Voor voetbal loop ik niet warm. Het spijt me…. Toch zal ik de komende weken steeds vaker een oog op het WK werpen, want de sfeer, de saamhorigheid en stiekem ook wel de spanning doen me meer dan ik vroeger wilde toegeven. Maar wijsheid komt met de jaren, dus ik hoef mijn ware ik niet meer te verbergen. Ik zwijmel bij de oranje vlaggetjes die wapperen, m’n hart maakt een sprongetje bij het horen van Vuvuzela’s, m’n mond krult als jongetjes met rimpels en doorleefde koppen oerbrullend hun enthousiasme of teleurstelling ventileren. Ik WK mee!

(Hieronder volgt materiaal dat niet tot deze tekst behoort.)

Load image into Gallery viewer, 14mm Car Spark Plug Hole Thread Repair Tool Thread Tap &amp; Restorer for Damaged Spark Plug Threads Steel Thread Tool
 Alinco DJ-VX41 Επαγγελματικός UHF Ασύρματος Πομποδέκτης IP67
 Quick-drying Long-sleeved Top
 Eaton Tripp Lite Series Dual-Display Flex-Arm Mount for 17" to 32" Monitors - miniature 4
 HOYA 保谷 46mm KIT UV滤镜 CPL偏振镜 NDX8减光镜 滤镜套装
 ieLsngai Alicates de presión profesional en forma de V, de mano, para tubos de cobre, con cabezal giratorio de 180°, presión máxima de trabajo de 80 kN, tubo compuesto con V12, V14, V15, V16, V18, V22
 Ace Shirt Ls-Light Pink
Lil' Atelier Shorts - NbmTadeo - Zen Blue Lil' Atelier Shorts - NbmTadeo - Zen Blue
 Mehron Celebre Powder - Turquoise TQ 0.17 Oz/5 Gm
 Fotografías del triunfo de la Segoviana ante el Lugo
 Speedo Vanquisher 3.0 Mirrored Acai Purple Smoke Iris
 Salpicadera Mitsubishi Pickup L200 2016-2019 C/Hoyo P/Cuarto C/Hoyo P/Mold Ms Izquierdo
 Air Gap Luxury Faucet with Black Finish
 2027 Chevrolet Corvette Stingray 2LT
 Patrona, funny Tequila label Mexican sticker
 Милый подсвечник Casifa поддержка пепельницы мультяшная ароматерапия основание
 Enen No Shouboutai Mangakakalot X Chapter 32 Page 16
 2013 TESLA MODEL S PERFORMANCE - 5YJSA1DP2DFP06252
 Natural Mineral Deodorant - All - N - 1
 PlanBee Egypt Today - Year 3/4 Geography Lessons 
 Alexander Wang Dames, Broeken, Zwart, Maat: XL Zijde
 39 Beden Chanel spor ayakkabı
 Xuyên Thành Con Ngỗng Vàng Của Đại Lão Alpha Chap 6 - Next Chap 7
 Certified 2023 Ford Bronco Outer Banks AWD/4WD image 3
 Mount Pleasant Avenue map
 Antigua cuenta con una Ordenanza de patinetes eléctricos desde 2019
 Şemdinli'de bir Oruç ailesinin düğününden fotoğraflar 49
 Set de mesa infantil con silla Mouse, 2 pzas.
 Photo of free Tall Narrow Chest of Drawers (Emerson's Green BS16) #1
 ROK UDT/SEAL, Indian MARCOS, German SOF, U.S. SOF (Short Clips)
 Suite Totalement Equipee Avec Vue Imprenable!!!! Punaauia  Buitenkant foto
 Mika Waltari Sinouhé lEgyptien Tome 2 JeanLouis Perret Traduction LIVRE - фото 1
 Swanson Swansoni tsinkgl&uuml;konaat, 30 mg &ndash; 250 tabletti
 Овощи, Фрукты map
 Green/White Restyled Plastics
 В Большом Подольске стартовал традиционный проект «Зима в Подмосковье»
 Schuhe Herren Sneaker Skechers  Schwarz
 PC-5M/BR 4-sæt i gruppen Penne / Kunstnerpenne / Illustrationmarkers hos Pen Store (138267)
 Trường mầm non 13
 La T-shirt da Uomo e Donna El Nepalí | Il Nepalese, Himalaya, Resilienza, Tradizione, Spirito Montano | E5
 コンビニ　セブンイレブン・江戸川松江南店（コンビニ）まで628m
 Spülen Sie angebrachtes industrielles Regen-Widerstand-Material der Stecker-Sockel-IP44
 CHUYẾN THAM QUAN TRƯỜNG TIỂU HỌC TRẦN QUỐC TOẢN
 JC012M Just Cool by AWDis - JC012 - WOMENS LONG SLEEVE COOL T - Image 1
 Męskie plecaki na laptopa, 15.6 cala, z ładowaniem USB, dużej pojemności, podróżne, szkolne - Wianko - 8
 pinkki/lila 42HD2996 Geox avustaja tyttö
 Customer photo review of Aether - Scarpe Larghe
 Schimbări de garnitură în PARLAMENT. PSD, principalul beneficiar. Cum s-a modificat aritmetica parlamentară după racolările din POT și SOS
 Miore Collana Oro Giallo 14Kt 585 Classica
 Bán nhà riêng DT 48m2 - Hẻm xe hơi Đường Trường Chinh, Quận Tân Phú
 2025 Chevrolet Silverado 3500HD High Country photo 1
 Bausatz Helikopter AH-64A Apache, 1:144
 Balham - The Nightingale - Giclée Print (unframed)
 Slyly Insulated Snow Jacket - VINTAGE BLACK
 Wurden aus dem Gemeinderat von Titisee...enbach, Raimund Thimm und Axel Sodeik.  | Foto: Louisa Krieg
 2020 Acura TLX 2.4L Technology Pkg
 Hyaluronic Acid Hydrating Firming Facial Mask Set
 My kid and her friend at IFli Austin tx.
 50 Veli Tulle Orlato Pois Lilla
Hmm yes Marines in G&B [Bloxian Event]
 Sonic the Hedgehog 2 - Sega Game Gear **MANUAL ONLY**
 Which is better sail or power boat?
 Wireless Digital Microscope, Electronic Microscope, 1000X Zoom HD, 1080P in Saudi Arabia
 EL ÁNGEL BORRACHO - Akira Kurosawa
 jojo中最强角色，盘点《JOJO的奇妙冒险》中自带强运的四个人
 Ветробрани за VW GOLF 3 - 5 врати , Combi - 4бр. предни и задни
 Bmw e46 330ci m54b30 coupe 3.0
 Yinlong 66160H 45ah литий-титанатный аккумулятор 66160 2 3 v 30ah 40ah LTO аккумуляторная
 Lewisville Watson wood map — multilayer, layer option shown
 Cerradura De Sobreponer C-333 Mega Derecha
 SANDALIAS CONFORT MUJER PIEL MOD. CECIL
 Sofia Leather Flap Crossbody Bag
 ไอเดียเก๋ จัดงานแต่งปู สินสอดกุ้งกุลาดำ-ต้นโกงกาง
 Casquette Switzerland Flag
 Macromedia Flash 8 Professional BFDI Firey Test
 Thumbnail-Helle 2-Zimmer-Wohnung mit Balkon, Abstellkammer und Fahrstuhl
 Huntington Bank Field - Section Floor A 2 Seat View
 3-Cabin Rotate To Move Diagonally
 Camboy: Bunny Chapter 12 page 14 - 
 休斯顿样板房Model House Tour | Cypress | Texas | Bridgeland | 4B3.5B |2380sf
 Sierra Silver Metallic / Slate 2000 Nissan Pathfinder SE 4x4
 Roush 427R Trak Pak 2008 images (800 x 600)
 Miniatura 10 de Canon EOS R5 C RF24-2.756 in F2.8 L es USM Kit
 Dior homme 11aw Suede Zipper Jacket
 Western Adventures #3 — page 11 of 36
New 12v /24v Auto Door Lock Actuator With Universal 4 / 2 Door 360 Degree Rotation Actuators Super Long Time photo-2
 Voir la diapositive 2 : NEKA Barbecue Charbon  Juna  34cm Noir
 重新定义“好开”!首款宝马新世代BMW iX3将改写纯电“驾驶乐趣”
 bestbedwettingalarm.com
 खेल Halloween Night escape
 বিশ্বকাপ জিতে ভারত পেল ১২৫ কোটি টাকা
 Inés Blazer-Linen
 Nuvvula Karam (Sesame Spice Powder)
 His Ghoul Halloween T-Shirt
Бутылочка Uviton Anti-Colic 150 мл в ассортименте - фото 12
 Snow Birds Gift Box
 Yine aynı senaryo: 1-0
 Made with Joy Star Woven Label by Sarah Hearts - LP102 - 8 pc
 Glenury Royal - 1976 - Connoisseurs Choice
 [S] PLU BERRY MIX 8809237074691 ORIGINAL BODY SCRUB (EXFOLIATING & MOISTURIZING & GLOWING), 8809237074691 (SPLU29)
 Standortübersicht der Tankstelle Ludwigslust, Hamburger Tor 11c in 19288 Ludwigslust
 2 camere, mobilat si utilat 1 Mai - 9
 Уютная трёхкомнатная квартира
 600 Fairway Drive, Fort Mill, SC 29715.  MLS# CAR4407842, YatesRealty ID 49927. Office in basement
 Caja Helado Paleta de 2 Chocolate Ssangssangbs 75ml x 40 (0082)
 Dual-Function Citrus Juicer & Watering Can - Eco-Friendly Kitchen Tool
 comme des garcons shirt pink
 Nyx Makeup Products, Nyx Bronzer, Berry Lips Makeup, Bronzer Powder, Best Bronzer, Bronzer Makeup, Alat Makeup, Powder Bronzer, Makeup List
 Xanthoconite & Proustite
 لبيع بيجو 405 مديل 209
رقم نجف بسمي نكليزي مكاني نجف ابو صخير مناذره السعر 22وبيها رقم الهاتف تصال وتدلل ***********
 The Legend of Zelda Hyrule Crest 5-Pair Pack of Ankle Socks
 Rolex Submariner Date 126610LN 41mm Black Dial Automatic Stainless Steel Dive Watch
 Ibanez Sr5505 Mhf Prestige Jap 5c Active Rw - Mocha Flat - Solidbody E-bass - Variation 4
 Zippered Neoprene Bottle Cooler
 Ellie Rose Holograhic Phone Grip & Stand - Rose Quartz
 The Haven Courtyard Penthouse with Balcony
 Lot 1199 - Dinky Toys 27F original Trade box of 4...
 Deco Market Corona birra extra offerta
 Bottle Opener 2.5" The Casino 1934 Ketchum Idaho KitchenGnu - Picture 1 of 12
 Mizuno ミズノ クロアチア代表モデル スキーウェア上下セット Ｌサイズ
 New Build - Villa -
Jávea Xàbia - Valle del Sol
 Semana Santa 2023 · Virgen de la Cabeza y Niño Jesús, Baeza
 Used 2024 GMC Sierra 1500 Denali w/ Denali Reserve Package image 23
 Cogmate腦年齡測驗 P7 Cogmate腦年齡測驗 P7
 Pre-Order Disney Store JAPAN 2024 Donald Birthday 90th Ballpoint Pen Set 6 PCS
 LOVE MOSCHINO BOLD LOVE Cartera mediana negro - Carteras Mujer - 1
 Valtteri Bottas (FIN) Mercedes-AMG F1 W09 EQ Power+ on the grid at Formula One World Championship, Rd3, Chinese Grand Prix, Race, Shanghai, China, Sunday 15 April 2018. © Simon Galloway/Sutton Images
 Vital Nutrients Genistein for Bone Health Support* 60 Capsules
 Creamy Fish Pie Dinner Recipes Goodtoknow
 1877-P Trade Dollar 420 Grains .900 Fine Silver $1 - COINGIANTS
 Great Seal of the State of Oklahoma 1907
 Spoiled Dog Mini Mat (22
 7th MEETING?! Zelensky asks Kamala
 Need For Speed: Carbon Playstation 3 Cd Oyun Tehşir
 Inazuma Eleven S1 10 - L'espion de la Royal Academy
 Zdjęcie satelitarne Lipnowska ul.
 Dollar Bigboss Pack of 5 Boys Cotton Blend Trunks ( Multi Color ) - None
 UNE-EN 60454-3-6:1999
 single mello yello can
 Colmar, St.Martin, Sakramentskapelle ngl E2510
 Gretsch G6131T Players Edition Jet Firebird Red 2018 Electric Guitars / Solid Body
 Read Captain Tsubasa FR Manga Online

Maar ik start langzaam op: de eerste wedstrijden zijn geheel aan me voorbij gegaan. Pas bij Nederland-Denemarken heb ik het scherm eer aan gedaan. Om er na een kleine tien minuten weer bij weg te lopen: te saai, te weinig leven in de brouwerij. Maar m’n lief zat zo eenzaam te kijken. Hij heeft daar geen last van – integendeel zelfs, misschien –  dus ik ben bij de tweede helft weer aangeschoven. Ook toen duurde het niet lang: moet je blij worden van een voorsprong van 1-0 als de bal  via het hoofd van een zwarte Deen (my kind of man) en via de rug van een bleke Deen in zullie eigen doel gaat? In oorlog en liefde is alles geoorloofd, maar in sport? Kweetutniet….

Straks maar weer efkes proberen. Nu gewoon aan het werk!